Polarized and 3-Prong Plugs
- Polarized plugs have one blade that is slightly bigger than the other. This design makes sure that plugs are plugged into outlets correctly and also reduces the risk of electric shock. NEVER shove a polarized plug into a non-polarized outlet or extension cord.
- 3-prong plugs also help to reduce the risk of electric shock. NEVER remove the 3rd prong in order to make it fit into a 2 prong outlet or extension cord.
- Check the lamp’s wattage and use the appropriate watt light bulb.
- Make sure that light bulbs are screwed in securely to prevent overheating.
- Place lamps on level surfaces, away from things that can burn.
- If you smell a faint burning or rubbery smell from a lamp then the wattage level of the light bulb is too high for the lamp and it should be replaced with the appropriate bulb.
- Make sure that all appliances have been tested by an independent research laboratory and be sure to follow all manufacturers instructions carefully.
- Appliances that take a lot of power to operate, such as space heaters and halogen lamps, should be plugged directly into an outlet. These appliances should not be plugged into extension cords.

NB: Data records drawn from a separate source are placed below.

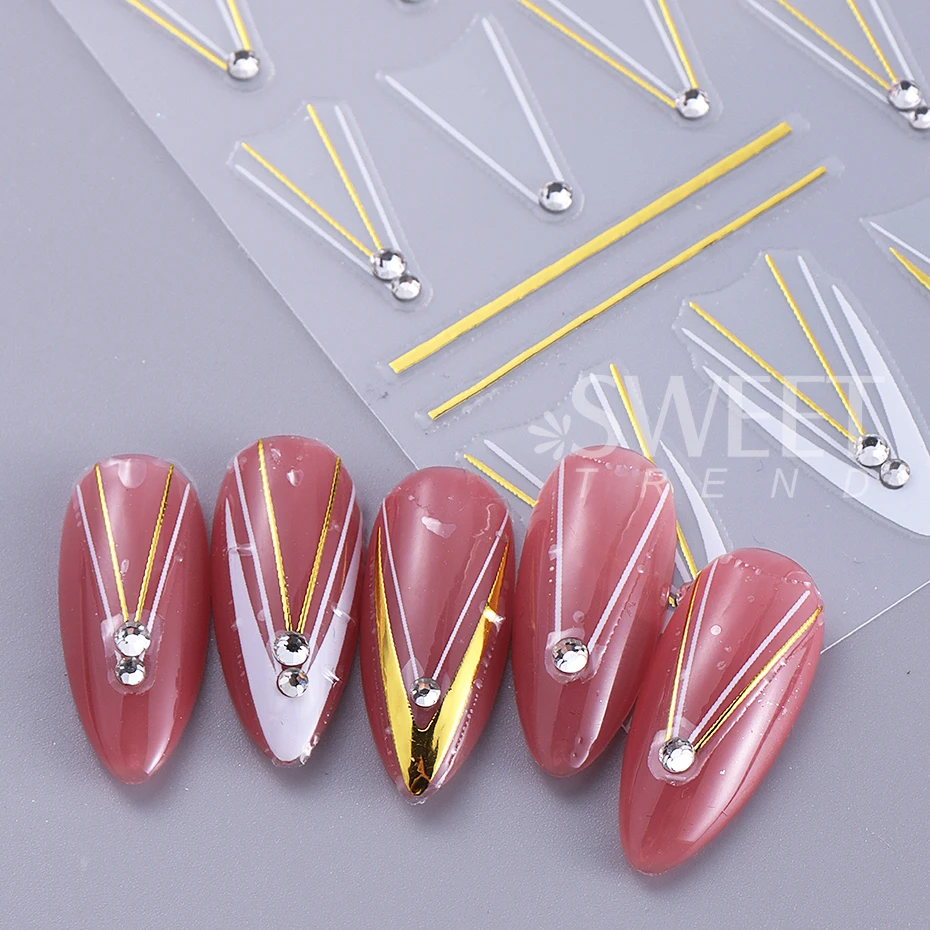 2 個フレンチストライプラインラインストーンネイルステッカーデカール 3D ホワイトゴールド不規則なメタリックライン粘着スライダーマニキュア装飾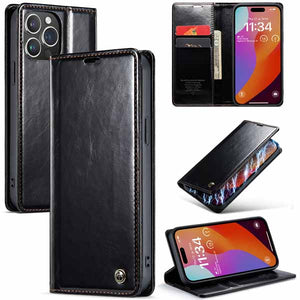 CASEKIS Luxury Flip Leather Phone Case for iPhone 15 Pro Max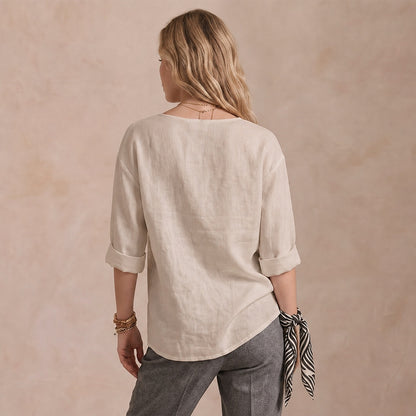 Women's Linen-Look V-Neck Blouse Long-Sleeve Button Casual Shirt Everyday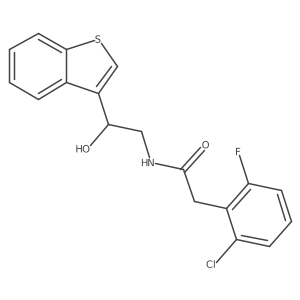 N-[2-(1-benzothiophen-3-yl)-2-hydroxyethyl]-2-(2-chloro-6-fluorophenyl)acetamide结构式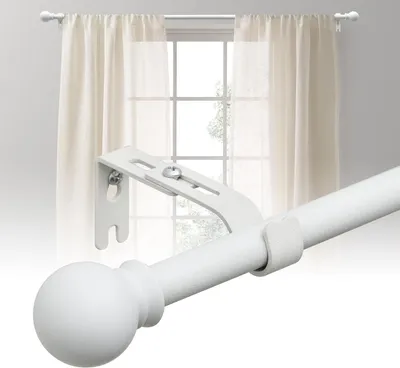 Imagen del producto de Barra ajustable para cortinas, de 70 a 120 cm, de 16 mm de diámetro, color blanco, ideal para salones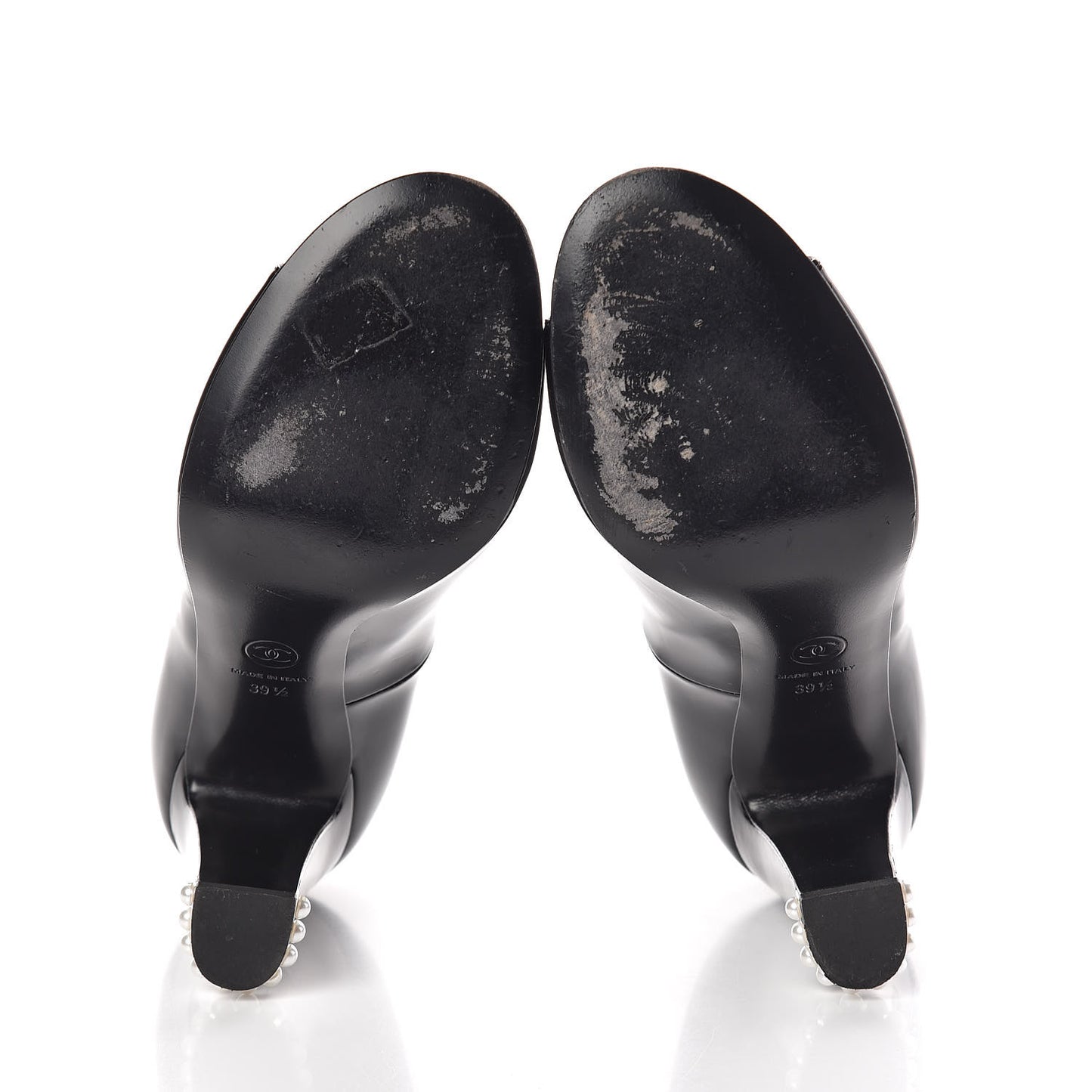 Patent Calfskin Pearl CC Open Toe Pumps 39.5 Black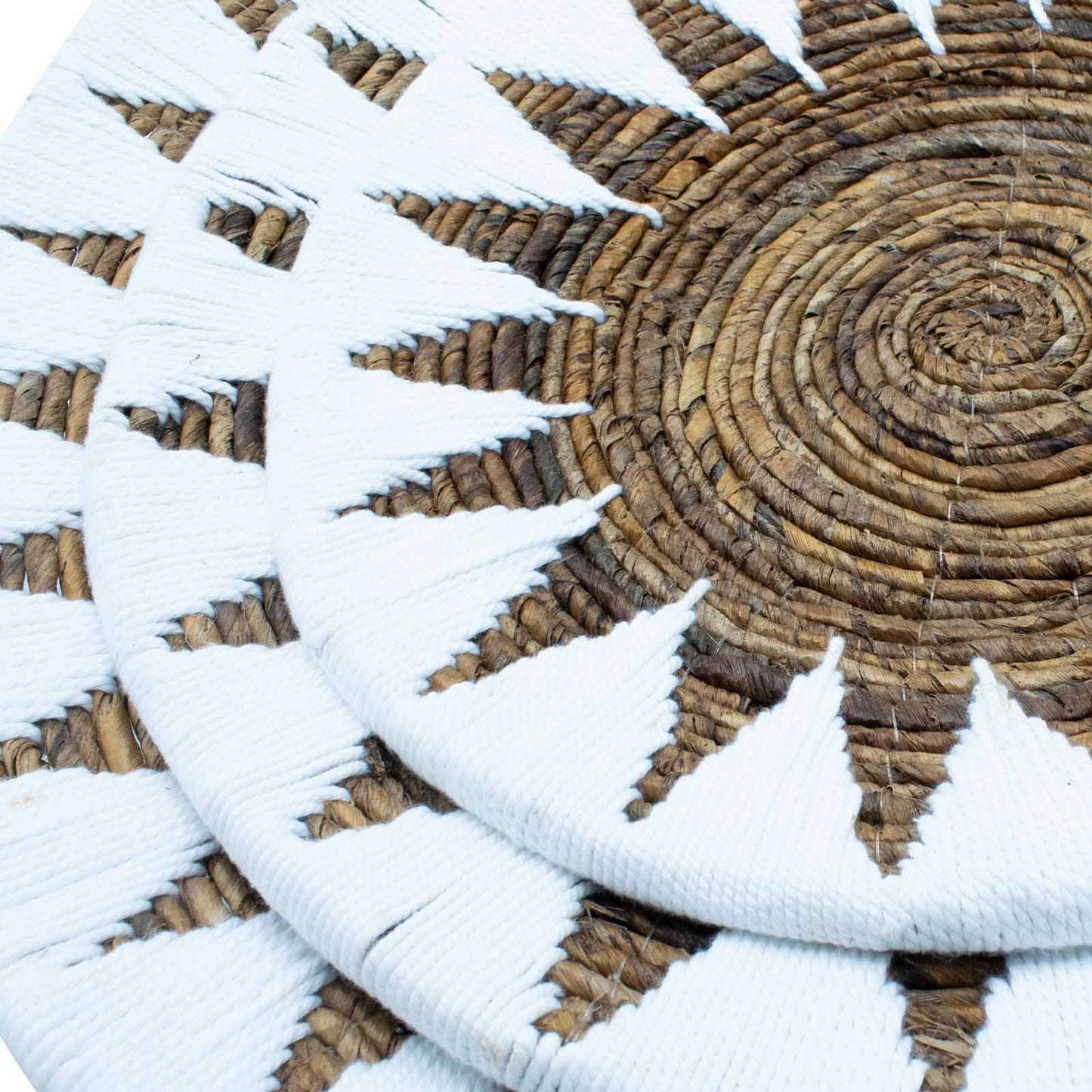 Set Aus Drei Seagrass Schalen Wanddekoration Creme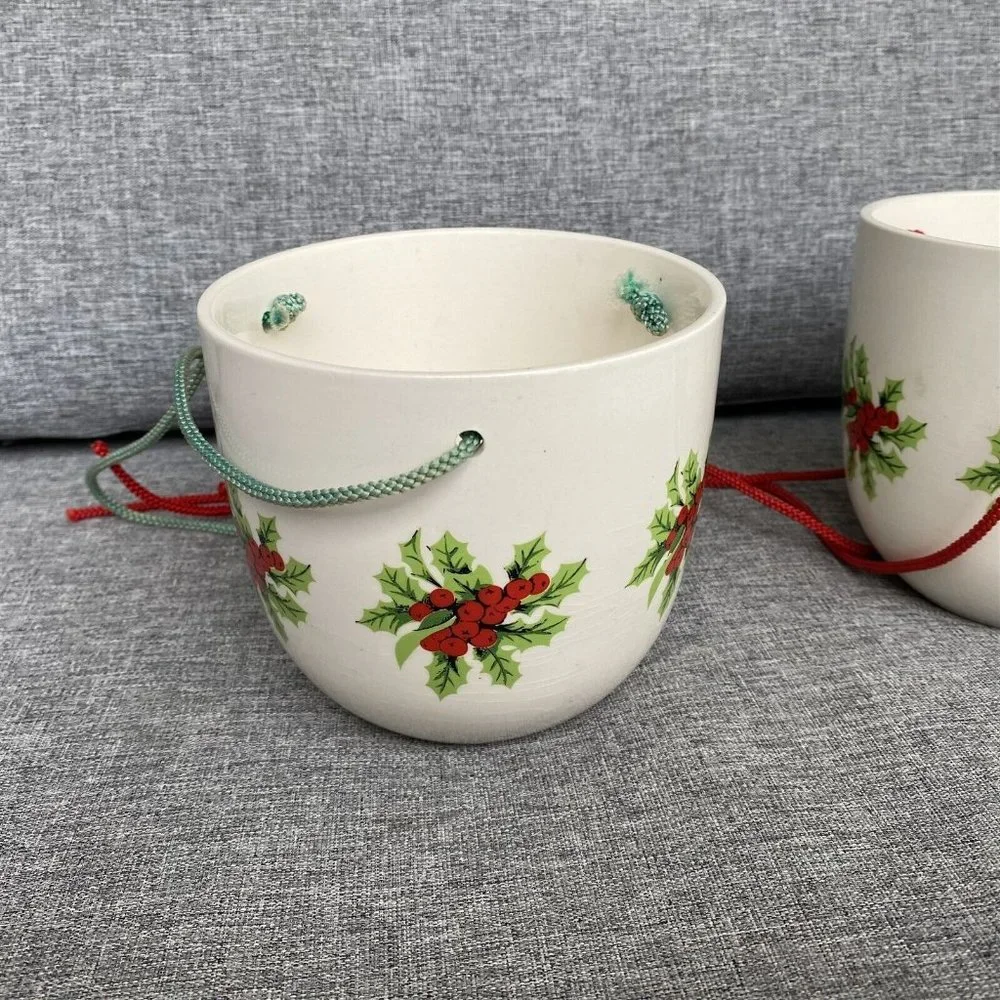 Vintage Ceramic Hanging Planter Christmas Country Sleigh Holly Berry Set of 2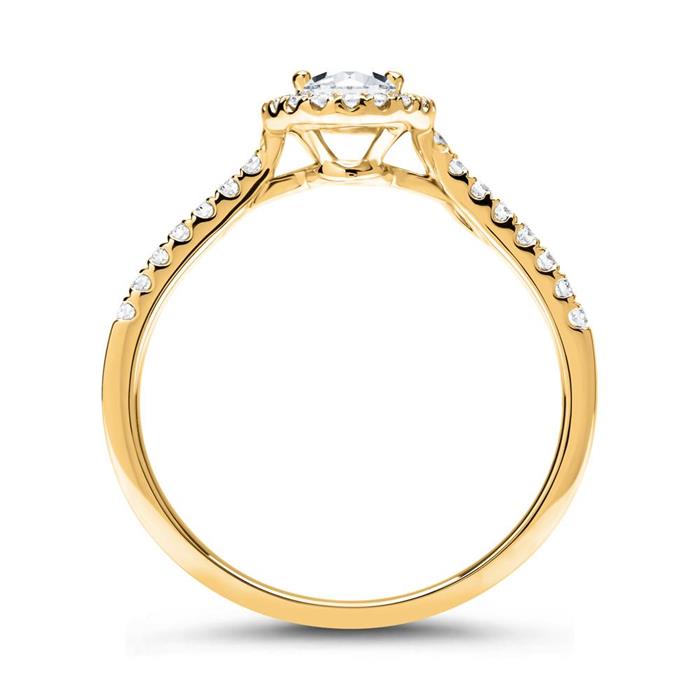 585er Gold Verlobungsring mit Diamanten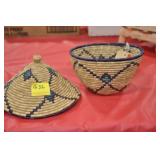 NATIVE AMERICAN TYPE BASKET WITH COVER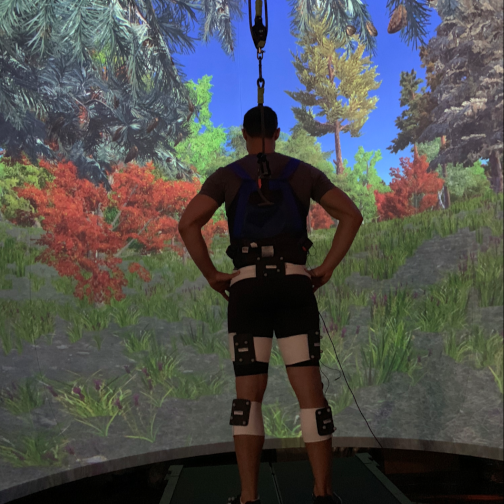 An instrumented man inside a VR system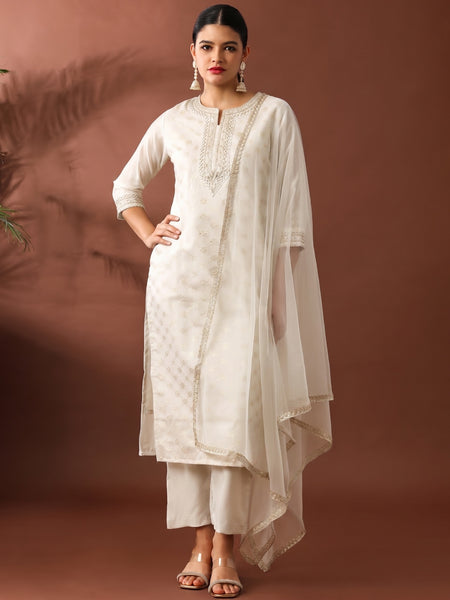 Chanderi Silk Kurta Pant Set With Net Dupatta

- One Outlet One Plug! Don’t overload electric outlets with several plugs. If multiple appliances must share one outlet, be sure to use only one appliance at a time.
Water and appliances don’t mix!
- Don’t leave appliances plugged in where they may come into contact with water.
- If an appliance falls into water DO NOT reach in to pull it out. First turn off the power and unplug the appliance.
- Don’t use electric appliances or take showers or baths during an electric storm. Using electricity during an electric storm increases your risk of getting an electric shock.
Hunt for Home Electrical Hazards
- Keep an eye out for these warning signs. If any of these are present in your home there could be a risk of an electric fire or electrocution.
- Frequent power outages or blown fuses. This may indicate that your home wiring needs to be updated or repaired. Contact a licensed electrician.
- Overloaded electrical outlets.
- Dim or flickering lights.
- Sparks or sizzling sounds in outlets or walls.
- Overheated plugs, cords or switches.Smells of something burning or rubbery smells.
- Frayed wires or cracked cords. Feeling a mild shock or tingle when you plug in an appliance.